Imagine your new specialist from abroad has just received their visa , the apartment search was successful, and their first day of work is just around the corner. Everything seems perfectly prepared. But while you focus on onboarding, a new legal requirement lurks in German immigration law that could catch many companies off guard. Anyone recruiting third-country nationals from January 1, 2026, onwards must fulfill a specific information obligation that goes beyond simply signing the employment contract and complying with the Proof of Employment Act. This is not just a friendly gesture, but a strict legal requirement under the Residence Act.

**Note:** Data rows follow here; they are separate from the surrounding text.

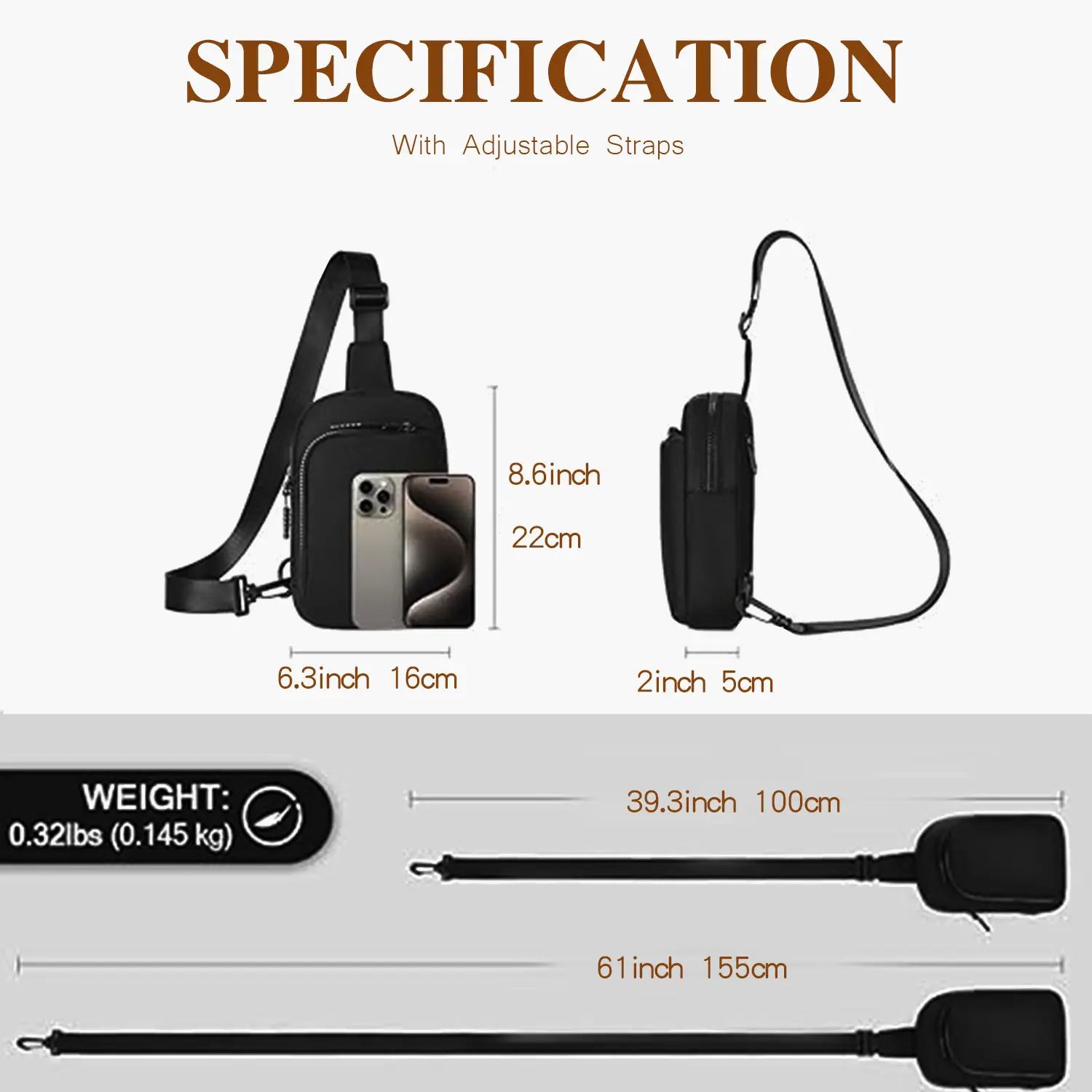 Black Polyester Crossbody Bag for Men Women Waterproof Sports — feature 6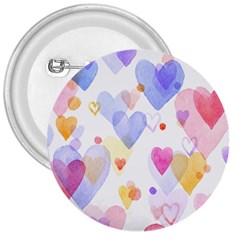 Watercolor Cute Hearts Background 3  Buttons by TastefulDesigns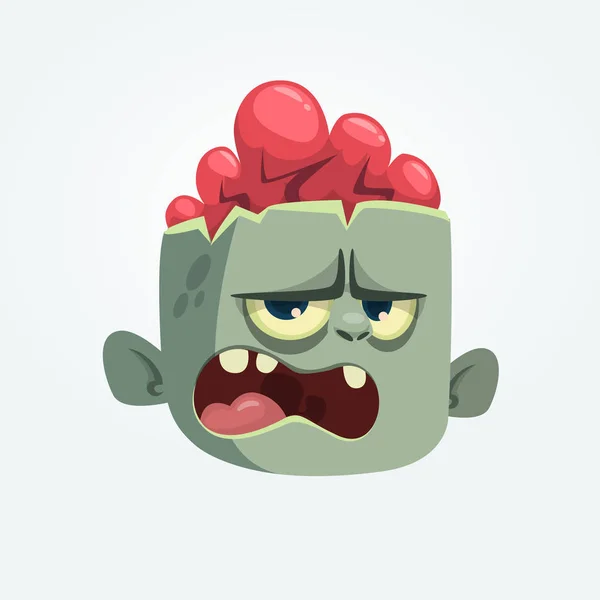 Karikatur wütenden Zombie-Kopf schreienden Ausdruck. Halloween-Vektorillustration — Stockvektor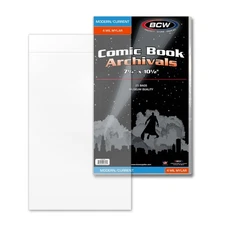 Current Mylar Comic Book Bags 4 mil Pack of 25 BCW Archival Polyester Semi Rigid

The legal amendment of Section 45c of the Residence Act
With the introduction of Section 45c of the German Residence Act ( AufenthG ), the legislature has created a legal framework that directly impacts the administrative process of skilled worker immigration . From the beginning of 2026, companies are obligated to explicitly inform newly recruited skilled workers from third countries about the " Fair Integration " advisory service. The aim of this regulation is to inform foreign employees early on about their rights and obligations under German labor and social security law, thereby promoting fair integration into the German labor market . What may initially appear to be a mere formality is, in daily HR practice, a mandatory compliance task that cannot be postponed.
Deadlines and format: What matters now
In legal practice, adherence to form and deadlines is often crucial to avoid liability risks or regulatory consequences. The information must reach the new employee no later than their first day of work. However, we strongly recommend sending this notification along with the employment contract or immediately after the visa is issued to ensure the process is legally sound. The law mandates written form . A verbal notification over coffee on the first day is therefore insufficient; it must be documented in writing via email, as a formal contract attachment, or by letter.

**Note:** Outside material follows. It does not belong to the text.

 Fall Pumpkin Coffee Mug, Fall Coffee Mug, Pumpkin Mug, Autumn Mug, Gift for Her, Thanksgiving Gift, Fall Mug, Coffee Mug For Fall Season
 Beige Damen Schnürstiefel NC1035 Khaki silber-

The necessary content of the instruction
It is not enough to simply refer to advice centers in general terms. The legal requirement is precise: The employer must explicitly point out the possibility of free advice on labor and social law issues through the " Fair Integration " network. A crucial point that is often overlooked is the inclusion of the contact details of the advice center nearest to the workplace. This means that companies with multiple locations must customize the templates to reflect the geographical proximity of each advice center. Fortunately, the Federal Ministry of Labor and Social Affairs (BMAS) provides information sheets for this purpose, which also include a confirmation of receipt – a tool that I highly recommend every employer use for documentation in personnel files.
Conclusion: Legal certainty through early adaptation
The new information obligation under Section 45c of the German Residence Act (AufenthG) is not a cause for concern, but it does require careful adjustment of onboarding processes. Anyone bringing third-country nationals to Germany assumes responsibility – both legally and socially. By firmly integrating the concept of "fair integration" into your standard contracts or welcome packages, you not only fulfill your legal obligation but also signal transparency and professionalism to your new employees. In a time of skilled labor shortages, legal certainty in recruitment is a valuable asset that should not be jeopardized by avoidable procedural errors.